The shower was warm and inviting and she wondered about staying under the spray forever, never leaving the comfort and relative safety of the bathroom, which even smelled like the two men, like campfires and whiskey and strong coffee. Because this was complicated. Because Dec was out there cooking them dinner and Micah looked even more masculine while cradling a tiny puppy. Maybe it was just that being away from the shop, being back at work in the field, had opened something inside her, allowed the guilt and longing and memories to take a back seat, instead of driving her every choice and decision? Maybe it was the anniversary of Daniel’s death, the simple passing of time, that had made all of this madness come to a head all at once?
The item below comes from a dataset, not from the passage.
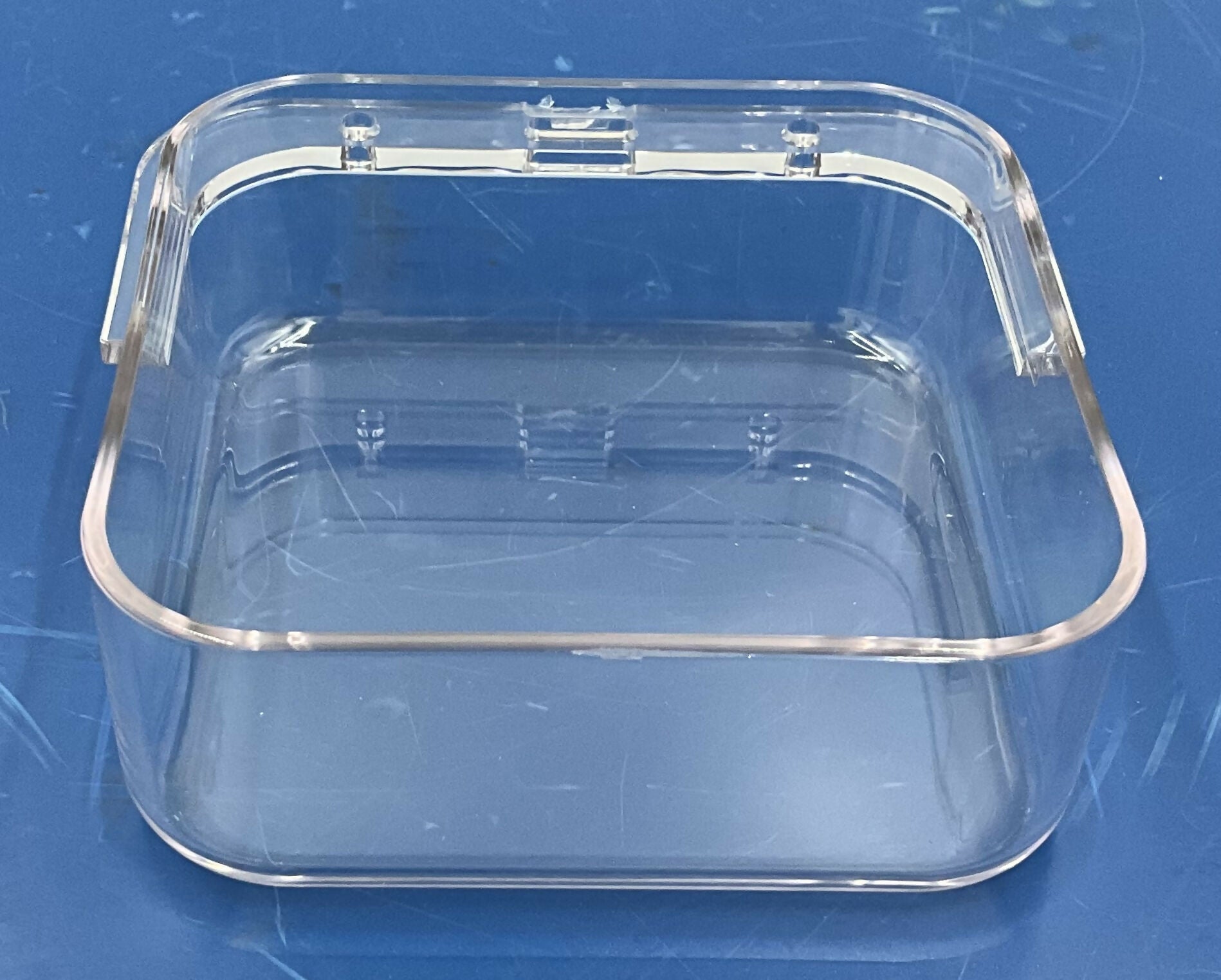 OVERLAY PLATE NEW (2241747 GE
Maybe it was just Wolf Creek, because apparently wanting two men was pretty much par for the freaking course around here?
Or, more realistically, far more dangerously, it was these specific two men. It was Dec’s humor and charm and hidden depths. It was Micah’s mystery and quiet amusement and clear sense of morals. It was how they both made her feel, each in their own way, comfortable, safe. Aroused. She glanced up at the showerhead and sighed. That was the safer option than trying to sort out all her tangled emotions and desires right now.
She leaned back against the wall of the shower, a dark, slatted wood that smelled like nature incarnate and fresh air and freedom, and Lily let her fingers slide across her stomach, one hand going up to cup her small breast and one hand going down, to part her wet folds and slide her hand between to brush her straining clit. It wasn’t smart. It wasn’t a good idea to get herself off imagining the touch and feel and taste of the two men just down the hall. She shouldn’t be imagining either, let alone both, but of course it was smarter, safer, to rid herself of the coiling tension that streaked every interaction she shared with them, either of them. Both of them.